“Good night, Isabella,” he said, descending the porch steps.
“Good night, Thomas,” she replied softly.
As he drove away, Thomas glanced in his rearview mirror to see Isabella still standing on the porch, her figure silhouetted against the white clapboard of the inn. She looked both perfectly at home there and impossibly distant, like a dream he'd once thought he could hold onto, now just close enough to remember what he'd lost, but too far away to ever reclaim.
CHAPTER 5
Thomas found his daughter waiting for him at The Blue Marlin, a casual seafood restaurant overlooking the marina. She had secured a table on the deck with a view of the marina, where ceiling fans stirred the thick evening air that carried the scent of salt marsh and fried seafood. Strands of white lights twinkled overhead like landlocked stars, and the gentle lapping of boats against the dock provided a soothing rhythmic background.
“Sorry, I’m late,” he said, sitting down across from her. “I was wrapping things up at the inn.”
She studied him over the rim of her wine glass. “So, Isabella Montgomery.”
He sighed and reached for the water the server had already placed on the table. “Yes. I was wondering how long it was going to take you to bring that back up again.”
"Oh, I showed remarkable restraint," she said with a grin. "I waited a whole five minutes after you sat down, didn't I?"
Despite his discomfort with the topic, he laughed. “Yes, so very considerate of you.”
“She’s not what I expected.”
“Well, what did you expect?”
“I’m not sure,” she said, shrugging. “When you said she was your first love, I guess I pictured someone… I don’t know, different. More dramatic, maybe? She’s very composed and professional.”
“She always was,” he said. “Even in college. She approached everything with precision and focus, but there was this passion underneath that polished exterior - about architecture, about history, about creating spaces that brought people together.”
Emma watched her father’s face carefully. “You never mentioned her. All these years, not a word.”
He looked out over the water, where boats gently rocked at their moorings. “Well, some wounds are better left undisturbed.”
“Did you love Mom?”
The question was asked gently, but directly, in typical Emma fashion.

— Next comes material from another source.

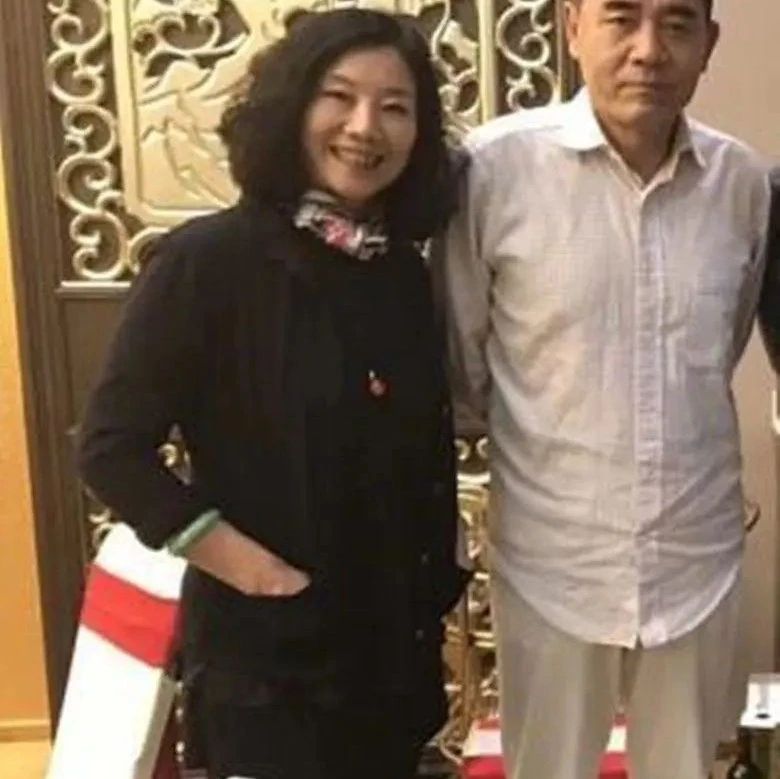 陈宝国赵奎娥相爱37年的原配夫妻，很节俭朴实，是老戏骨的典范！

He turned back to his daughter, surprised. “Of course I did. Your mother was an extraordinary woman - kind, intelligent, courageous. Our marriage wasn’t perfect, but we built a good life together, and I have never regretted that for one minute.”
“But Isabella was first,” Emma said, an observation more than a question.
“Yes. She was first.”
The server arrived to take their orders, providing a welcome interruption. After picking their meals - grilled snapper for Thomas and shrimp and grits for Emma - they fell silent until they were alone again.
“Why did you leave her?” Emma finally asked. “If she was your first love, what happened?”
Thomas hesitated. He’d never discussed this kind of thing with anyone, let alone his daughter. He’d carried the weight of his decision alone all these years.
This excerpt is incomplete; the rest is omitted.